* Try it *
Would you copy the records below, exactly and only from their first line through the line containing "Incendio en Independencia", without any pictures?

Collection entries:
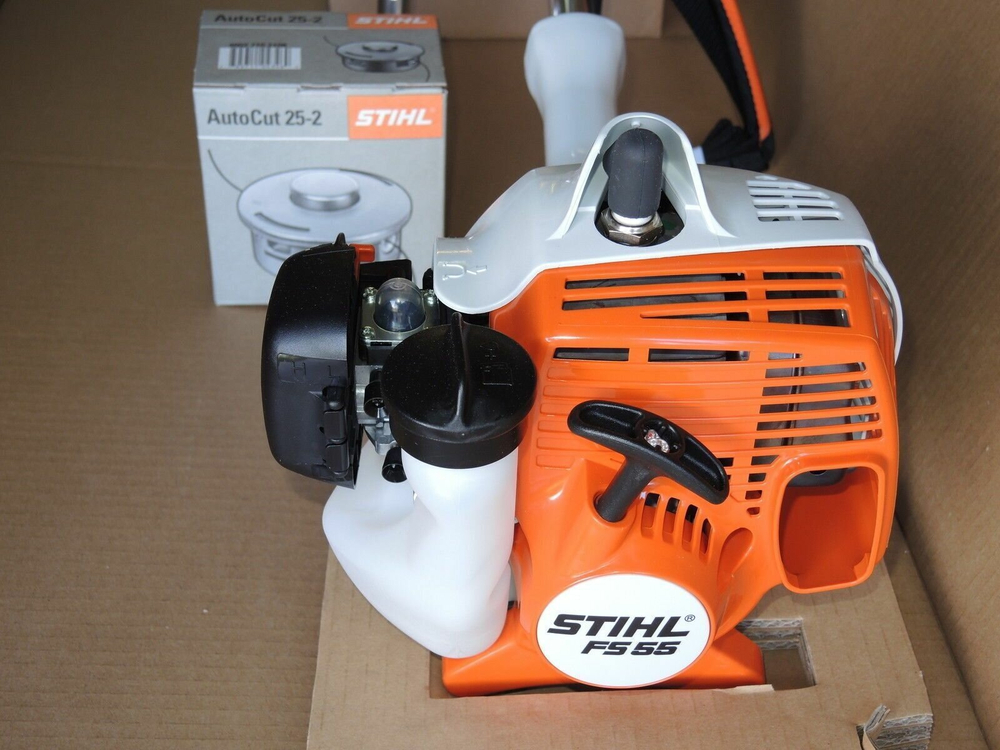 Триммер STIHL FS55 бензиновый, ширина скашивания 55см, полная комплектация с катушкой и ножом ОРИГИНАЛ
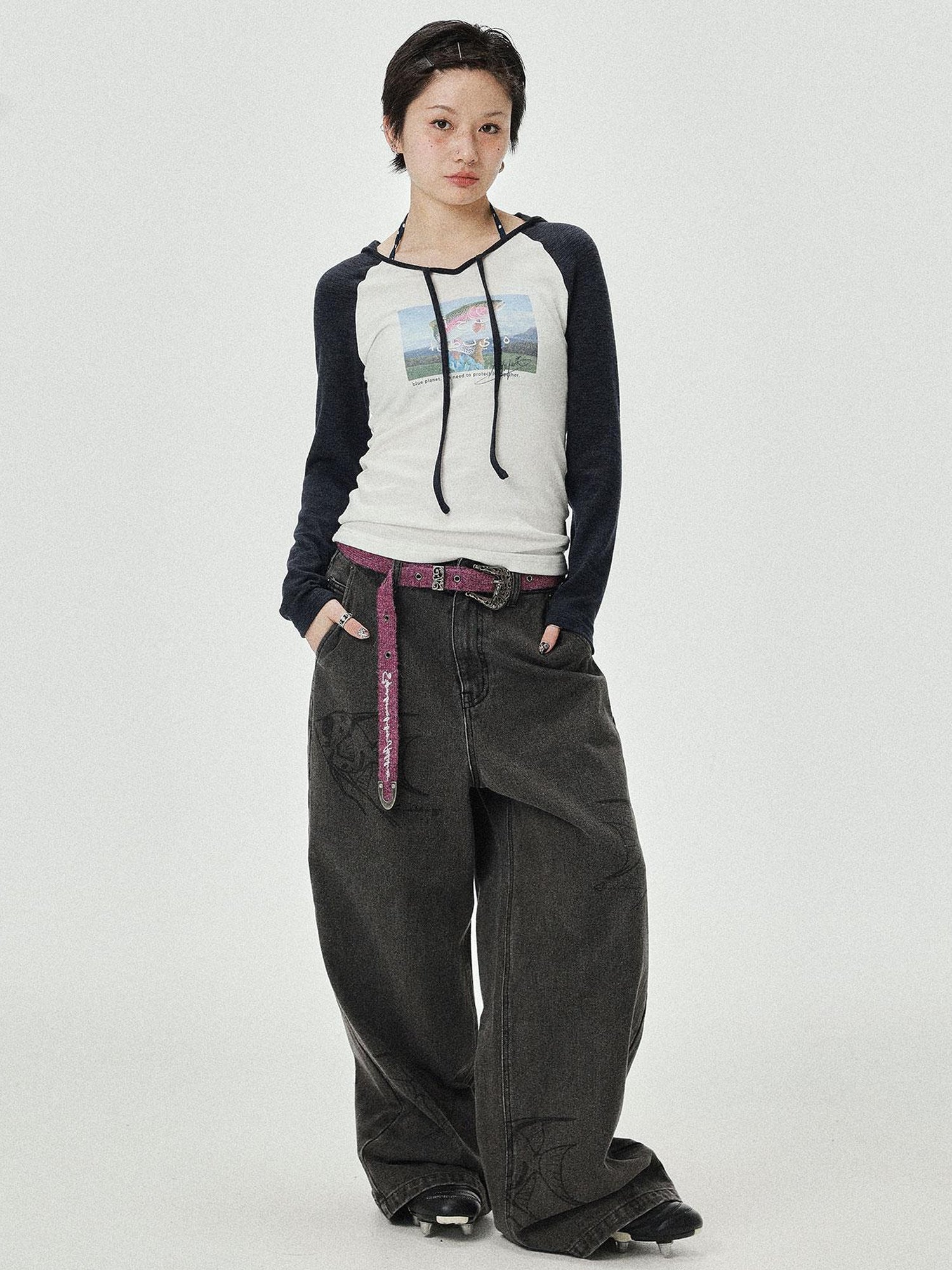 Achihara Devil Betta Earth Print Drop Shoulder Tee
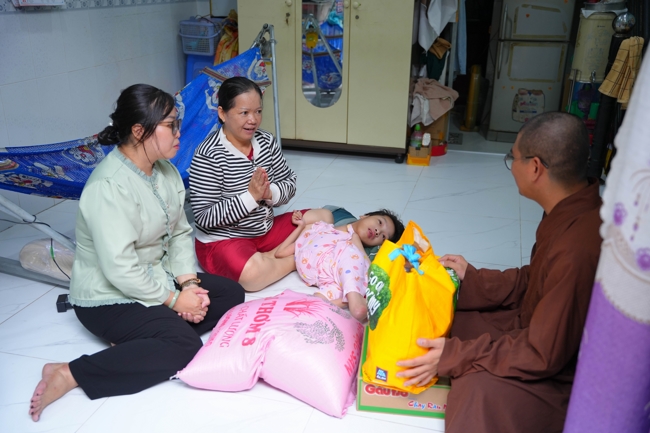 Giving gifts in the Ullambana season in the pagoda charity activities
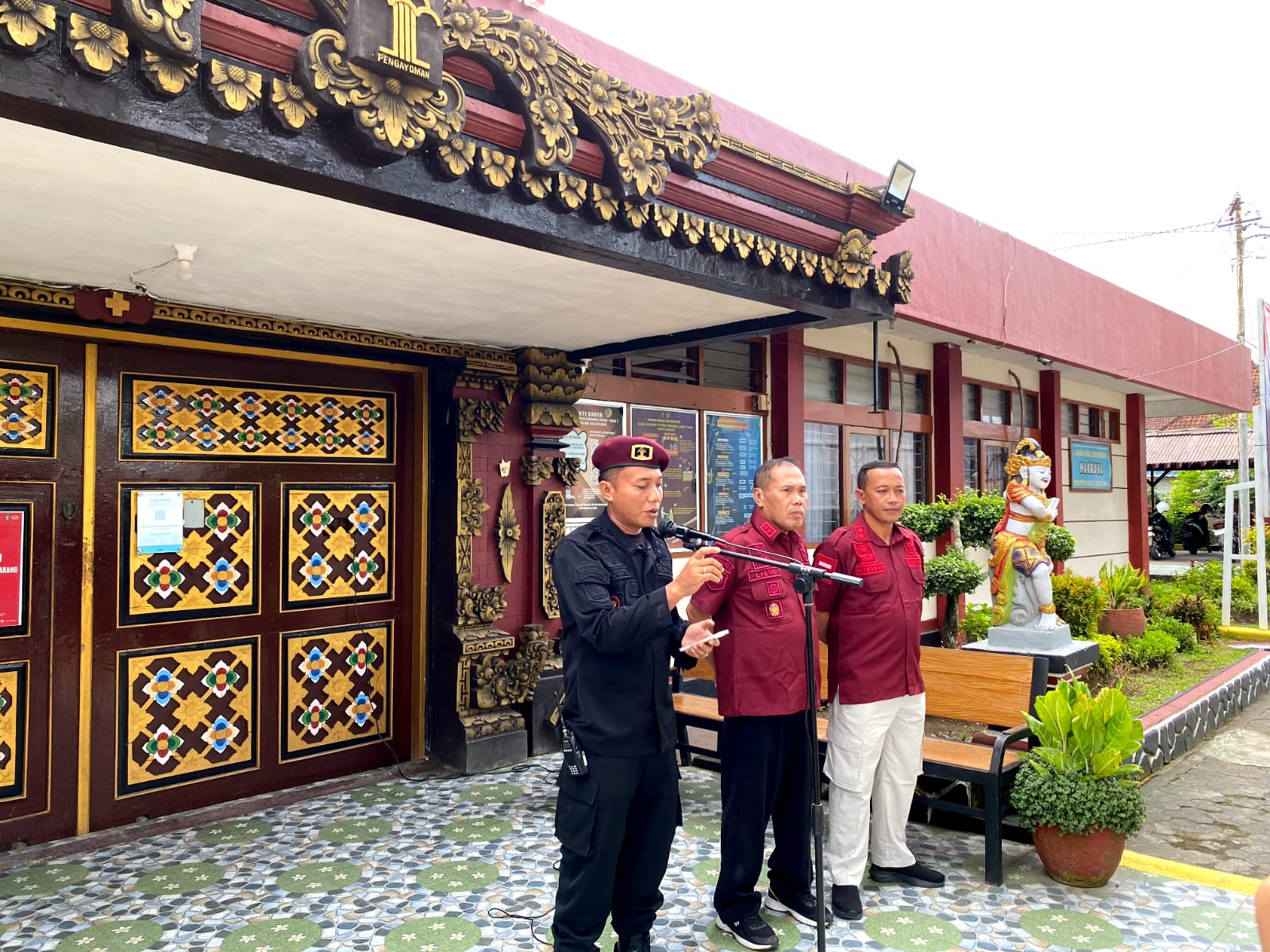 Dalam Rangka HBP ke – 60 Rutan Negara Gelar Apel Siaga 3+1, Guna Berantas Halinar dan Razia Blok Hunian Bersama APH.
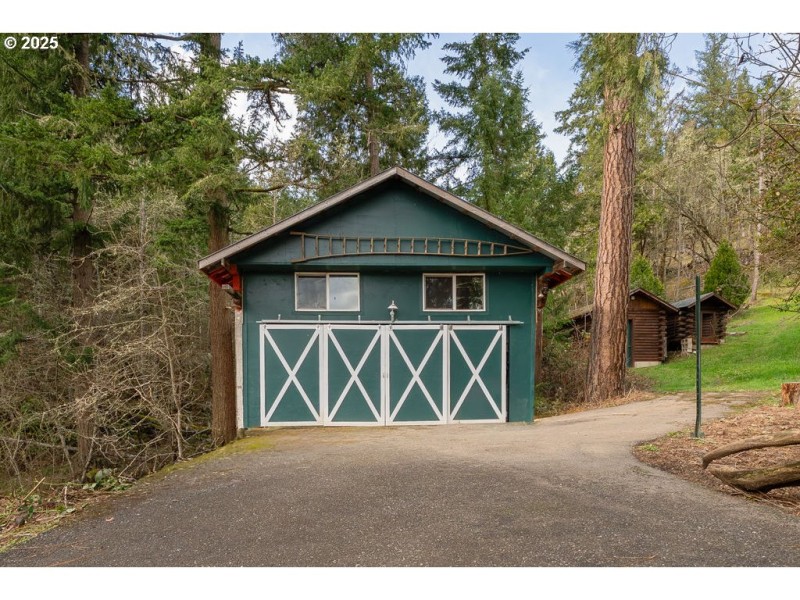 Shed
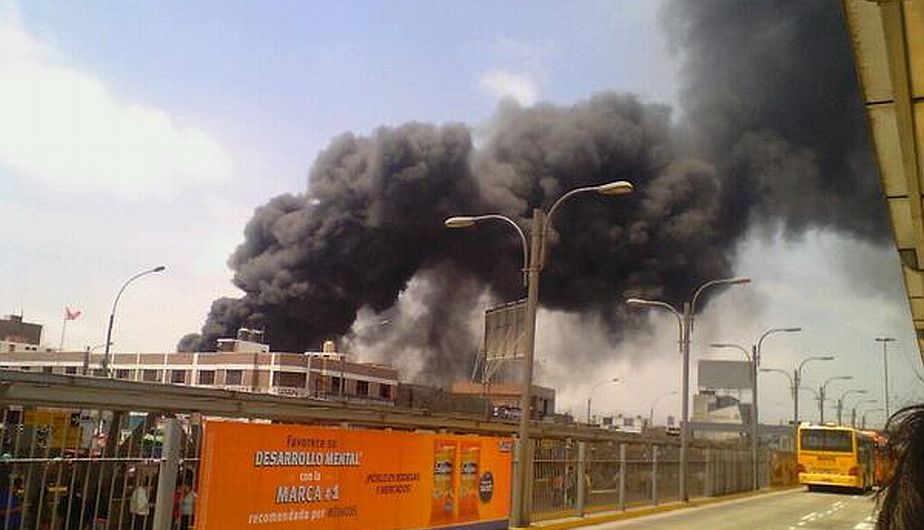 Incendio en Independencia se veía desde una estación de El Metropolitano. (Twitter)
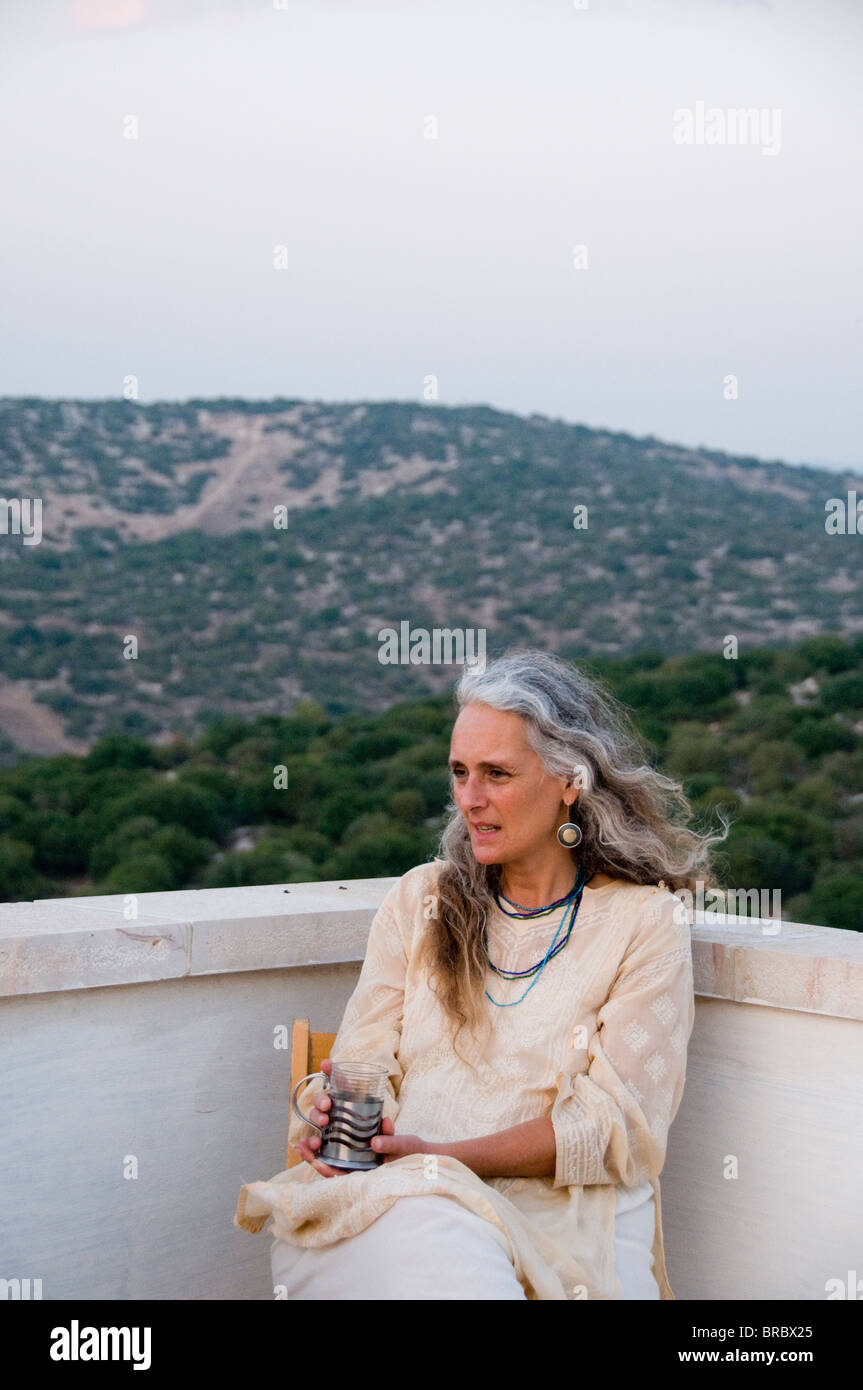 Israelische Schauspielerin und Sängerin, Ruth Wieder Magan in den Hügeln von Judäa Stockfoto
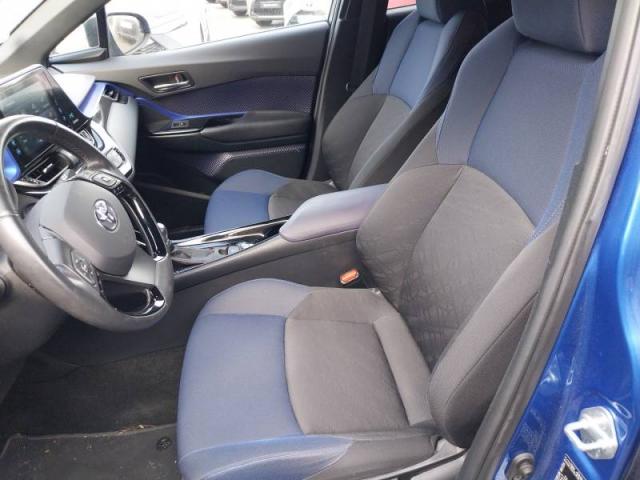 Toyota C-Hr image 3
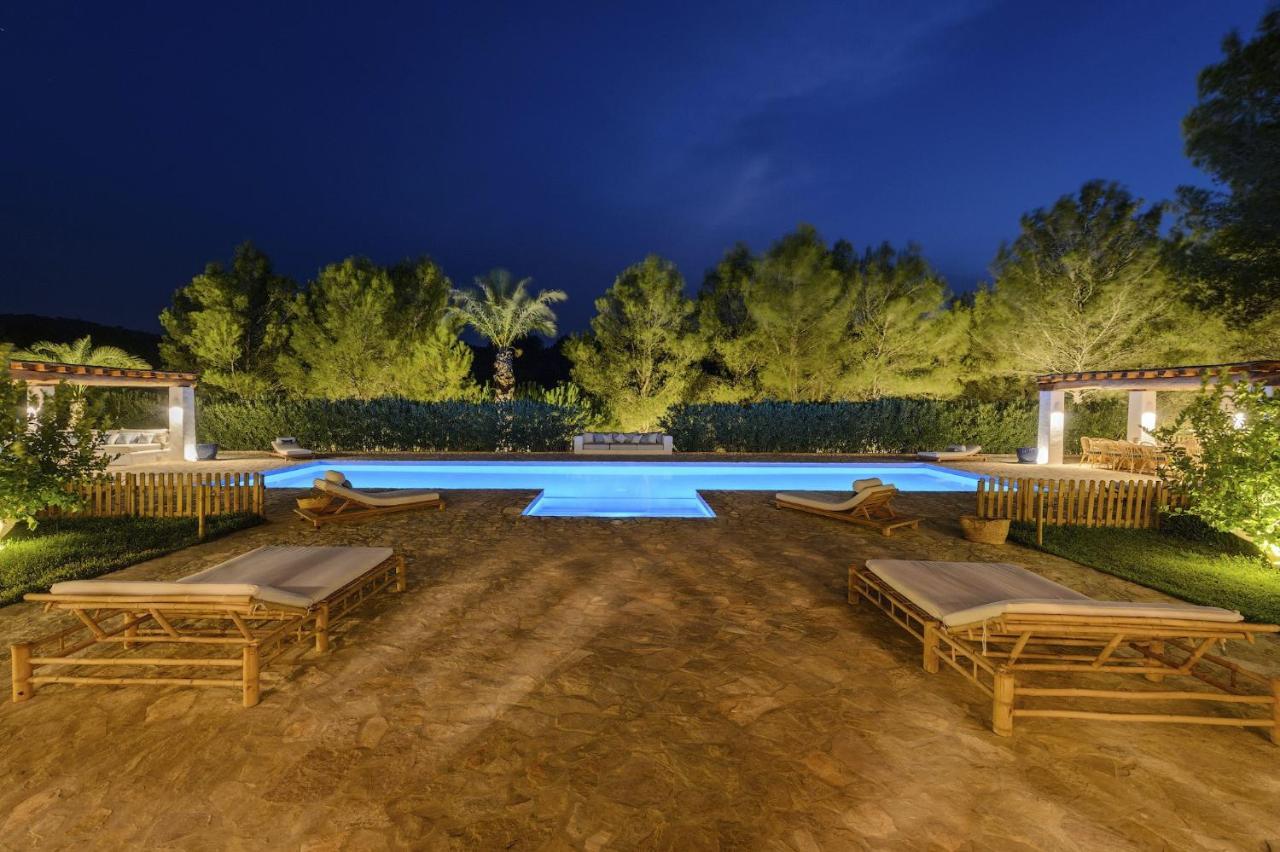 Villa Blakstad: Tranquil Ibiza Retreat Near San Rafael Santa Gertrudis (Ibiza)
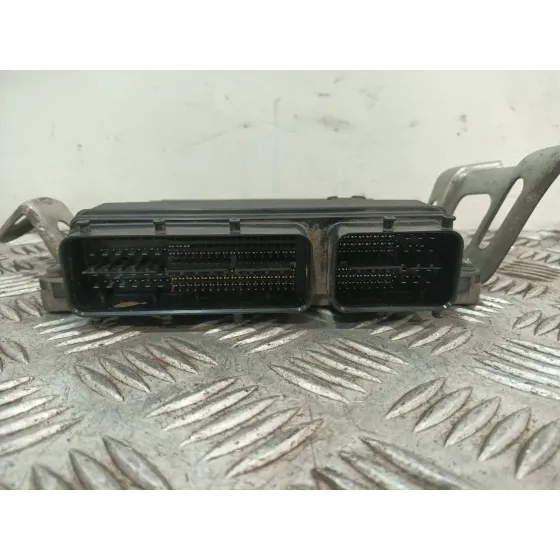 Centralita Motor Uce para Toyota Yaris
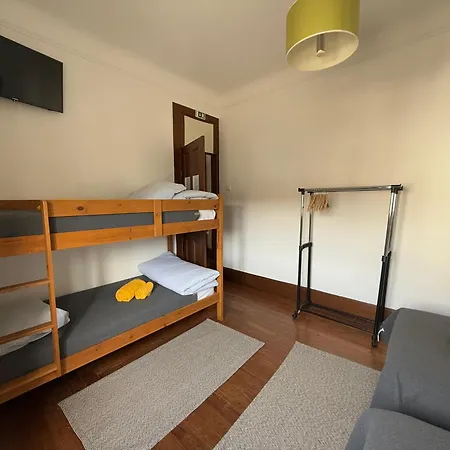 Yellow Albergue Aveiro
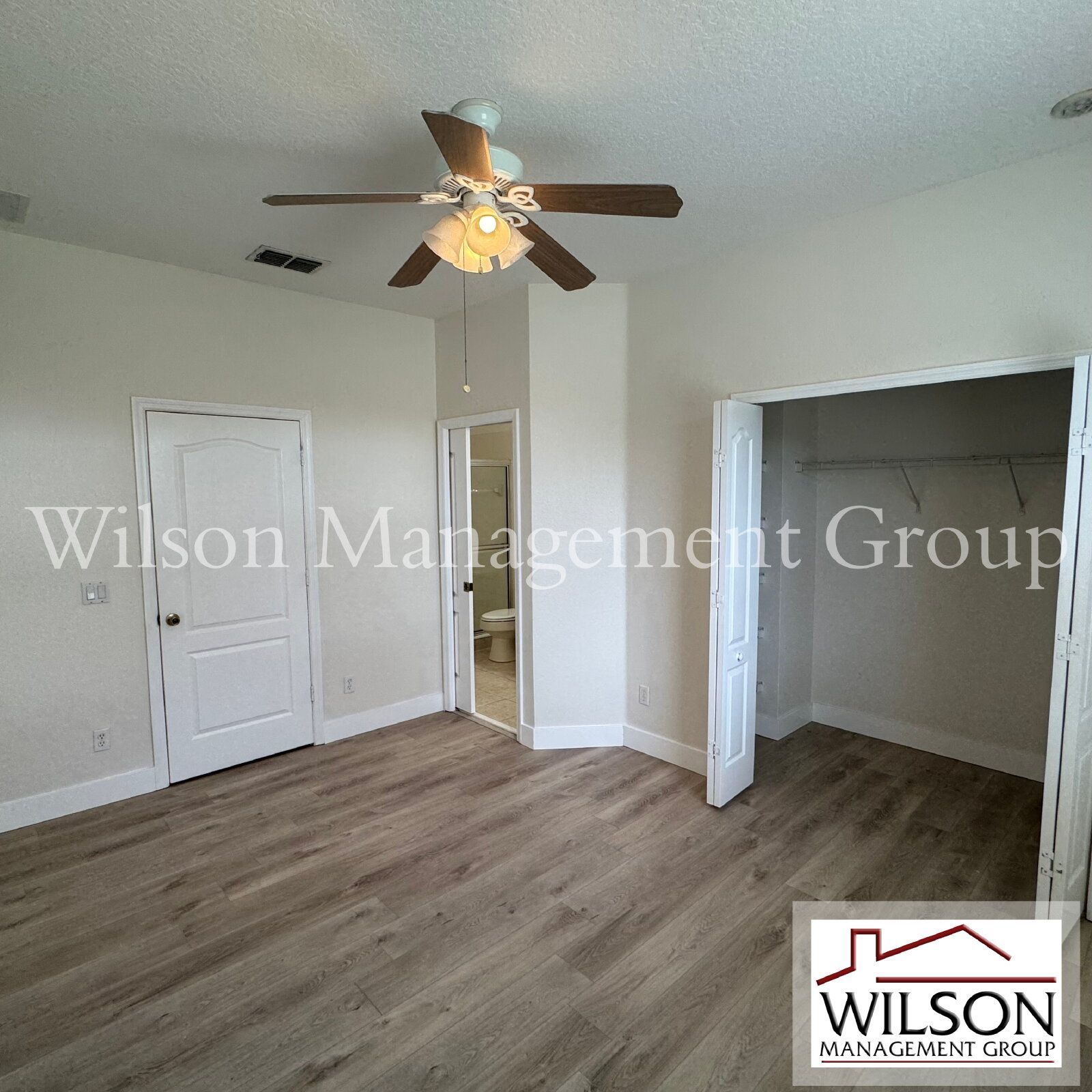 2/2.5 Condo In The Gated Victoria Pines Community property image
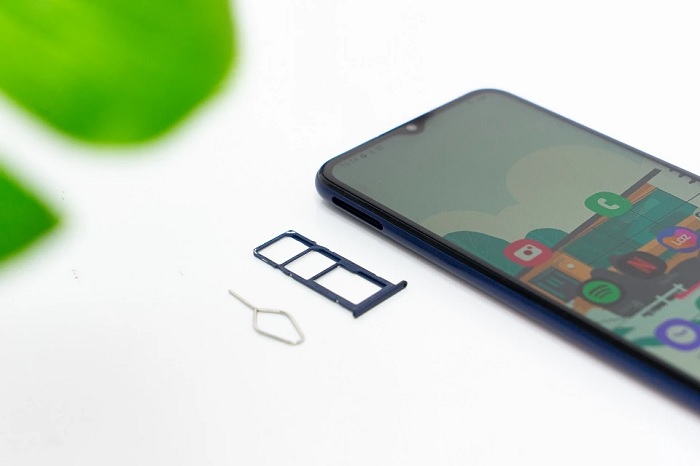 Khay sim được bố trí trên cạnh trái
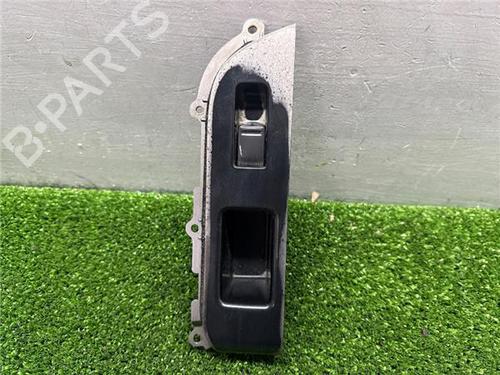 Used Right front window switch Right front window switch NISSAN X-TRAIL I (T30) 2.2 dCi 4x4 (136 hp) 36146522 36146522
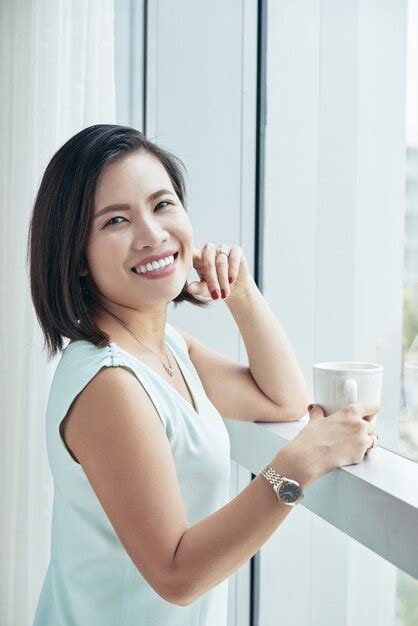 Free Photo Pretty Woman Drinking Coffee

* Response below *
 Триммер STIHL FS55 бензиновый, ширина скашивания 55см, полная комплектация с катушкой и ножом ОРИГИНАЛ
 Achihara Devil Betta Earth Print Drop Shoulder Tee
 Giving gifts in the Ullambana season in the pagoda charity activities
 Dalam Rangka HBP ke – 60 Rutan Negara Gelar Apel Siaga 3+1, Guna Berantas Halinar dan Razia Blok Hunian Bersama APH.
 Shed
 Incendio en Independencia se veía desde una estación de El Metropolitano. (Twitter)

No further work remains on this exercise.